● **Directions for this task**
Emit an exact copy of the lines running from the start of the records to the line containing "Childhood Friend of", both included.

● **Collected data**
* * * * * * * * *

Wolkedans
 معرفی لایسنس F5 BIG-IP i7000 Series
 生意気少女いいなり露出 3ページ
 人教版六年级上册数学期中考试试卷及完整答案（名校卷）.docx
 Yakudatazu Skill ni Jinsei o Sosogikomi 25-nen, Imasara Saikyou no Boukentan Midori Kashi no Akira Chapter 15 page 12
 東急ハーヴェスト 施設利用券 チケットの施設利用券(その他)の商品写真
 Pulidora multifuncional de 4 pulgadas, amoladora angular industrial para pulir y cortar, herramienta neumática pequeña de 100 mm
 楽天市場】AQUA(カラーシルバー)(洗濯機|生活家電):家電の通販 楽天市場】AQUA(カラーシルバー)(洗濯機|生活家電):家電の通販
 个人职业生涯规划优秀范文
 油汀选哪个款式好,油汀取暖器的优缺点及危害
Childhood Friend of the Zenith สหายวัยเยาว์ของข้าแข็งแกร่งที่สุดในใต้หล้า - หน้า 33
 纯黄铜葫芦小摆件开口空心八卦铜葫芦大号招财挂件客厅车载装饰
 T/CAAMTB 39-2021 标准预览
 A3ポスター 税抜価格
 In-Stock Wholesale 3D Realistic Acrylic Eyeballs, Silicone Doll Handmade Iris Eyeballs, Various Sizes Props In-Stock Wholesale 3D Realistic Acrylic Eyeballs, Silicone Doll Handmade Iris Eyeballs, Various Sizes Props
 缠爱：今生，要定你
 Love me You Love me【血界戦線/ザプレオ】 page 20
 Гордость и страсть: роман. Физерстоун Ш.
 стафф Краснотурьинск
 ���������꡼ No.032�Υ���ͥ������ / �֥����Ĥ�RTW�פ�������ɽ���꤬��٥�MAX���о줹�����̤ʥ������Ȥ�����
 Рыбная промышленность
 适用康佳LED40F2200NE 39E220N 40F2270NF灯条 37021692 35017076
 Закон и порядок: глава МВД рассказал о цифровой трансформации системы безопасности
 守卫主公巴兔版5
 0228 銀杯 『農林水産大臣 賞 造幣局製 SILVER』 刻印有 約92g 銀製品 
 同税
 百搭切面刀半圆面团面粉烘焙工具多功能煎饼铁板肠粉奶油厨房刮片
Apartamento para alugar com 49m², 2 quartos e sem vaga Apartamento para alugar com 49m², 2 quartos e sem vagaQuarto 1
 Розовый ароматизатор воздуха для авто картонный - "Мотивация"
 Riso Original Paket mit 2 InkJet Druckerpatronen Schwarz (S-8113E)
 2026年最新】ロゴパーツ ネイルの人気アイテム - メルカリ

* * * * * * * * *

● **Response for this exercise**
Wolkedans
 معرفی لایسنس F5 BIG-IP i7000 Series
 生意気少女いいなり露出 3ページ
 人教版六年级上册数学期中考试试卷及完整答案（名校卷）.docx
 Yakudatazu Skill ni Jinsei o Sosogikomi 25-nen, Imasara Saikyou no Boukentan Midori Kashi no Akira Chapter 15 page 12
 東急ハーヴェスト 施設利用券 チケットの施設利用券(その他)の商品写真
 Pulidora multifuncional de 4 pulgadas, amoladora angular industrial para pulir y cortar, herramienta neumática pequeña de 100 mm
 楽天市場】AQUA(カラーシルバー)(洗濯機|生活家電):家電の通販 楽天市場】AQUA(カラーシルバー)(洗濯機|生活家電):家電の通販
 个人职业生涯规划优秀范文
 油汀选哪个款式好,油汀取暖器的优缺点及危害
Childhood Friend of the Zenith สหายวัยเยาว์ของข้าแข็งแกร่งที่สุดในใต้หล้า - หน้า 33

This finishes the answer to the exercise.